Saved entries
┌──

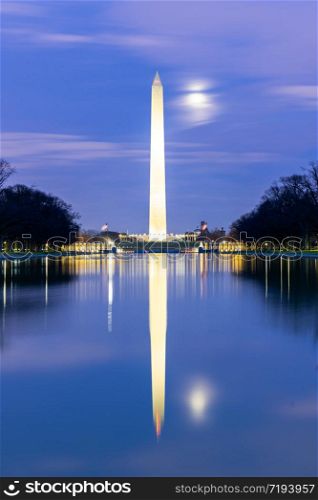 Washington Monument in new reflecting pool from Lincoln Memorial at sunset night.This monument is obelisk on the National Mall one of landmark of Washington DC USA.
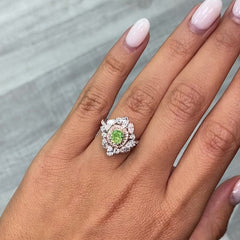 green diamond ring surrounded by pink and white natural diamonds in a reversible ring and pendant 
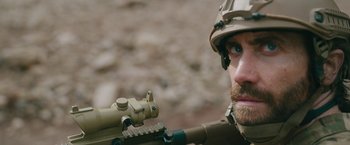 Movie still from “The Covenant” (2023), directed by Guy Ritchie – A man with a beard and a helmet is holding a rifle; Close Up shot, Over the shoulder angle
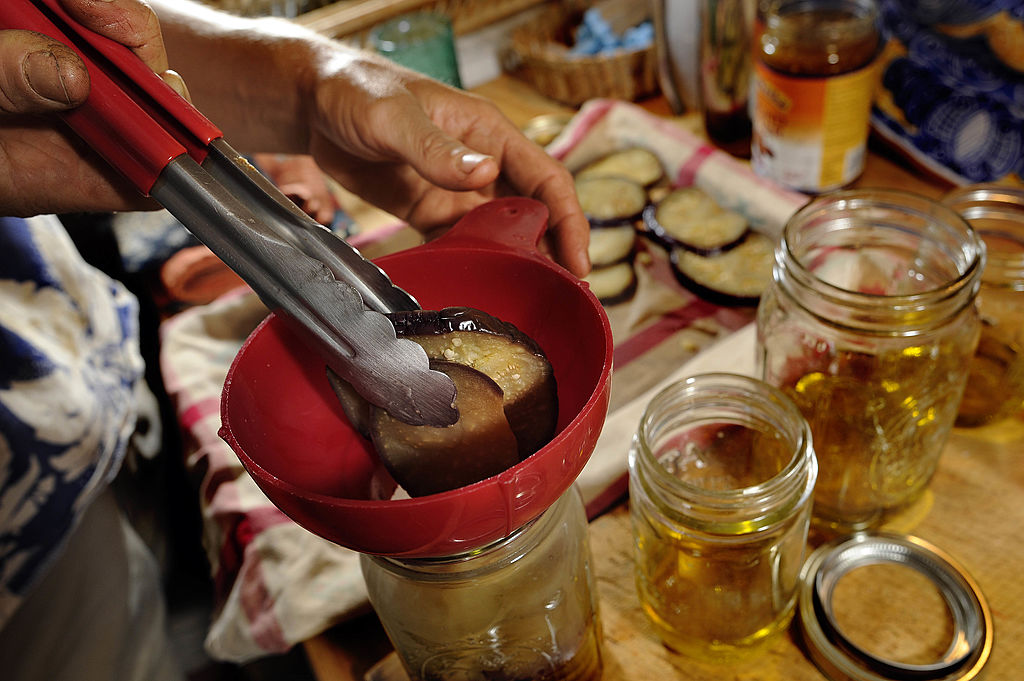 Someone uses tongs to ease pickled eggplant into a jar.
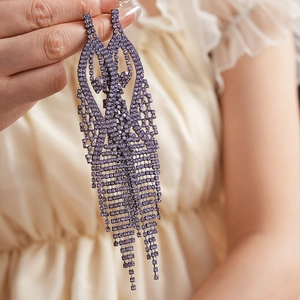 Detailed close-up of long purple rhinestone tassel earrings with a heavy luxury design
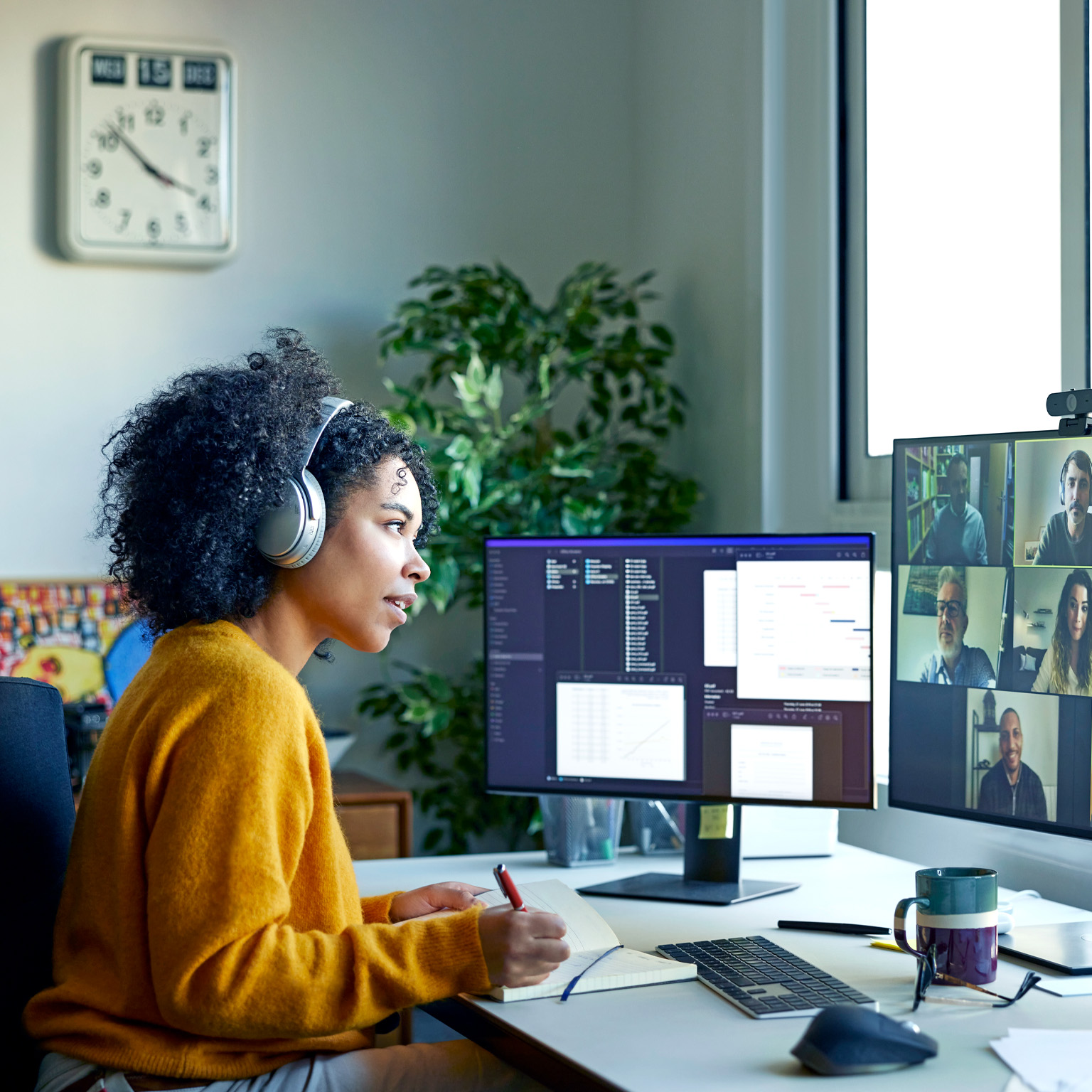 Businesswoman with headphones on a video conference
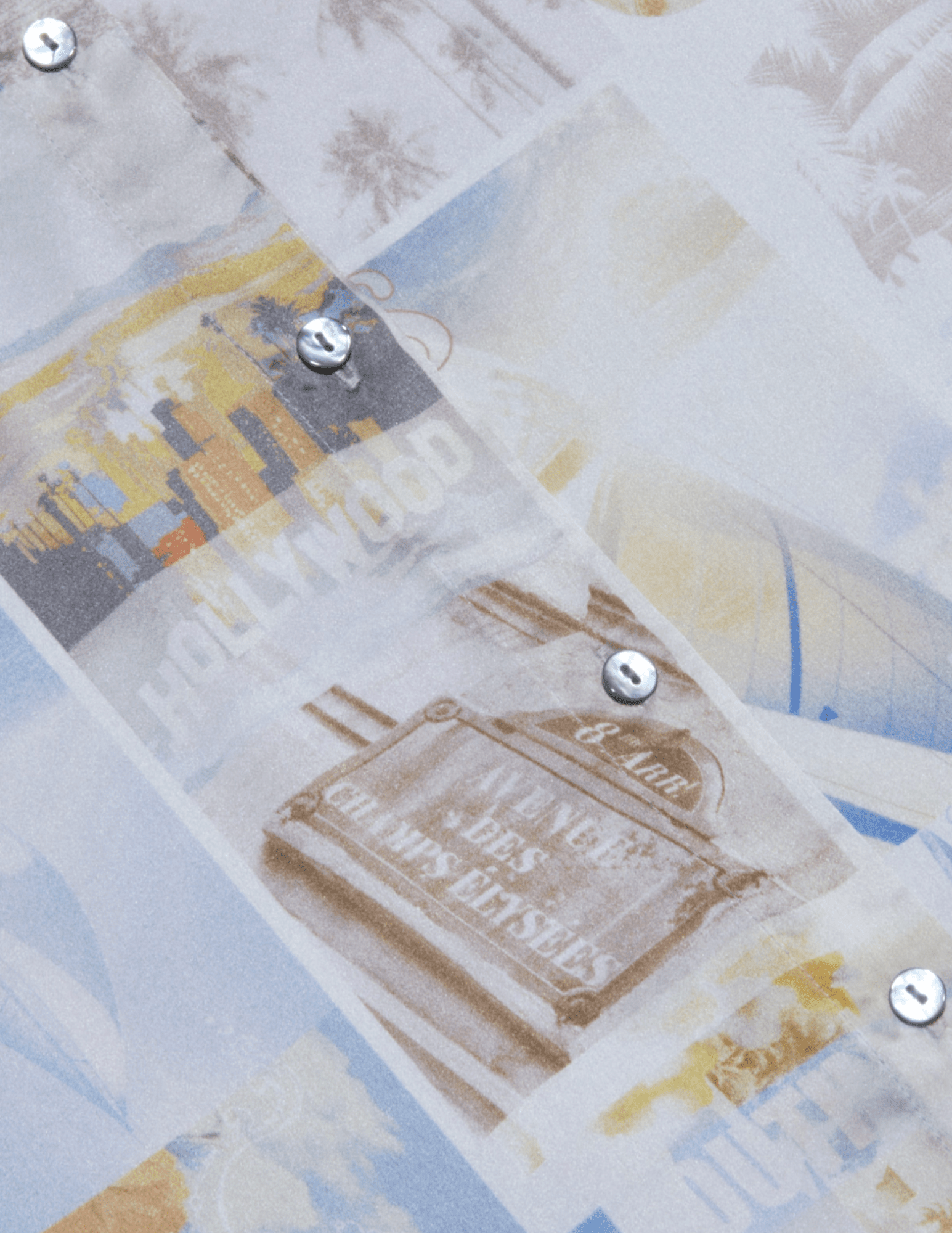 Close-up of the Malibu postcard print on the L'AGENCE Tyler silk blouse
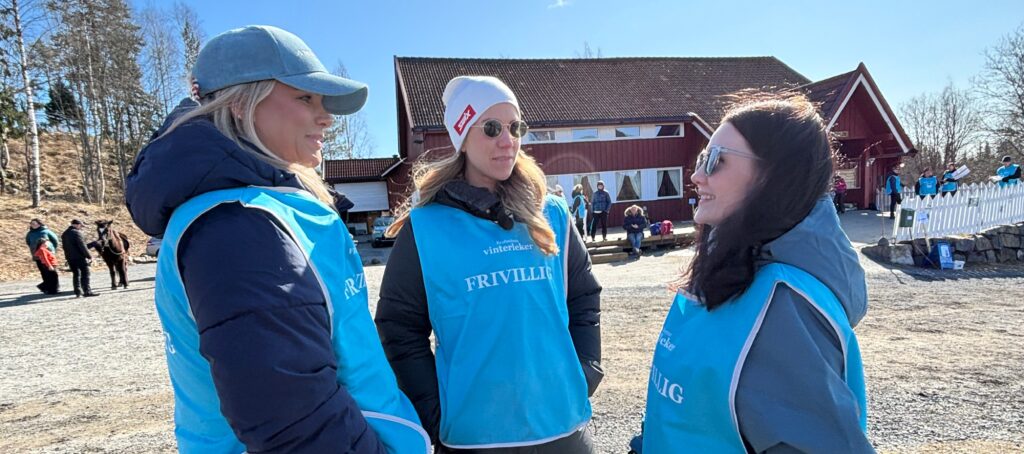 Tre kvinner iført blå dugnadsvester og vinterklær står og snakker utendørs i nærheten av en rød bygning på en solrik dag.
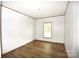 This is a spacious bedroom featuring wood flooring and a window for ample natural light at 828 Long Bow Rd, Salisbury, NC 28144
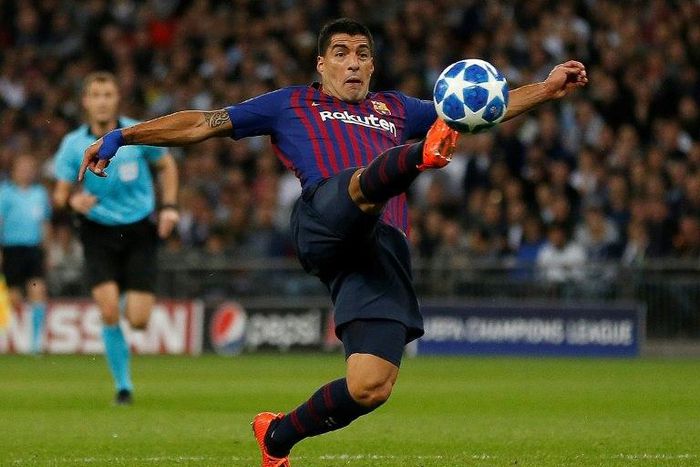 Barcelona's Luis Suarez is expected to be out for two weeks with a knee injury.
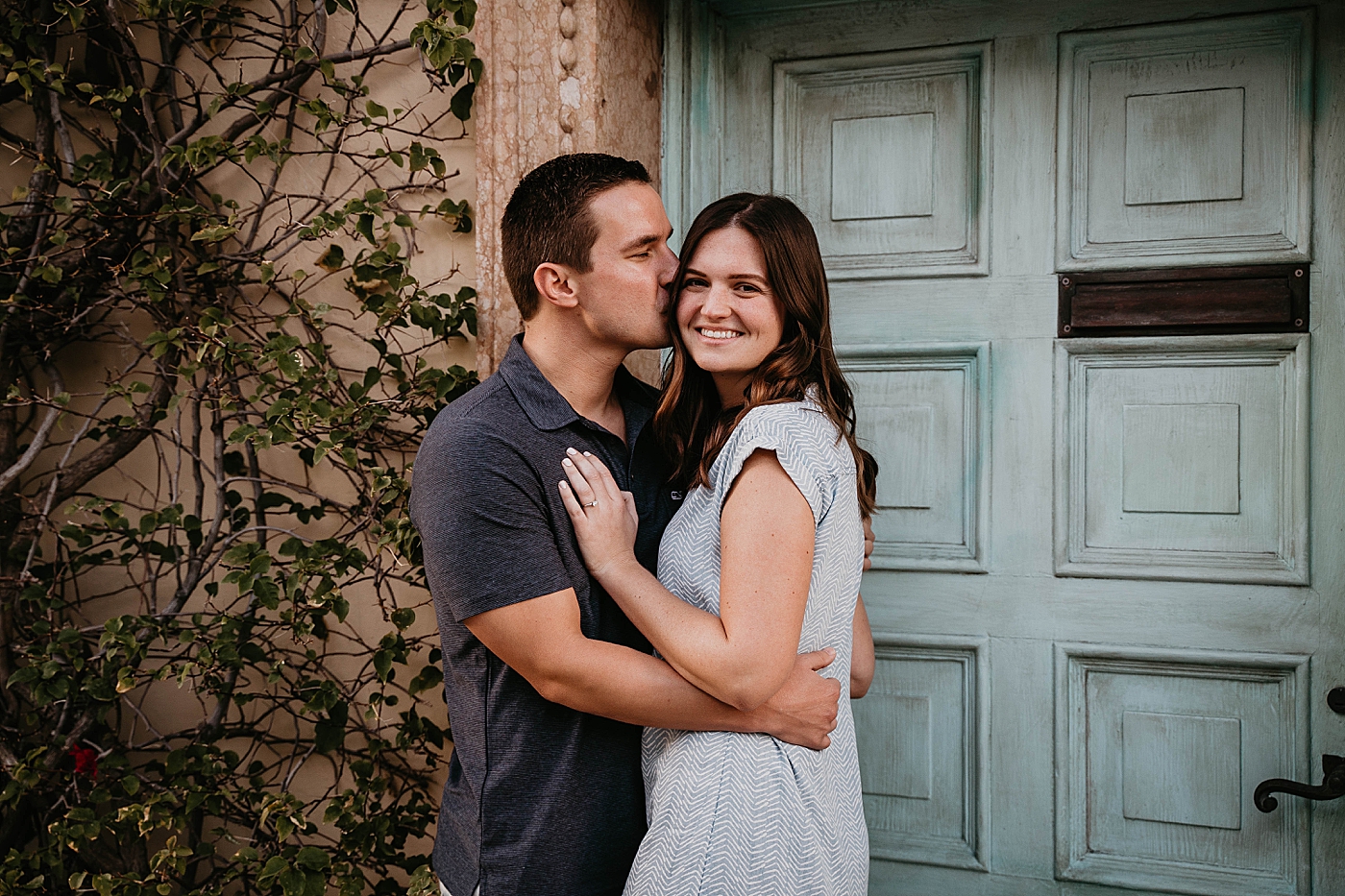 Man kissing lady on her cheeck Palm Beach Engagement Photography captured by South Florida Engagement Photographer Krystal Capone Photography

└──

What you are asked to do: Please reproduce the entries above exactly, from their first line to the line holding "Movie still from" inclusive, and nothing else; the pictures stay out.

Answer to this exercise:
 Washington Monument in new reflecting pool from Lincoln Memorial at sunset night.This monument is obelisk on the National Mall one of landmark of Washington DC USA.
 green diamond ring surrounded by pink and white natural diamonds in a reversible ring and pendant 
 Movie still from “The Covenant” (2023), directed by Guy Ritchie – A man with a beard and a helmet is holding a rifle; Close Up shot, Over the shoulder angle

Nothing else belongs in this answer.